AVAILABLE DATA>
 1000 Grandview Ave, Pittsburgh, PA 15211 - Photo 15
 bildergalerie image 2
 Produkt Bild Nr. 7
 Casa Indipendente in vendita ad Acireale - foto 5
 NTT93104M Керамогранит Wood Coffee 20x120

EXERCISE> Take the line containing "Produkt Bild Nr. 7" as the first line and the last line of the data above as the final one. Write out these lines and all between them exactly.

SOLUTION TO THIS EXERCISE>
 Produkt Bild Nr. 7
 Casa Indipendente in vendita ad Acireale - foto 5
 NTT93104M Керамогранит Wood Coffee 20x120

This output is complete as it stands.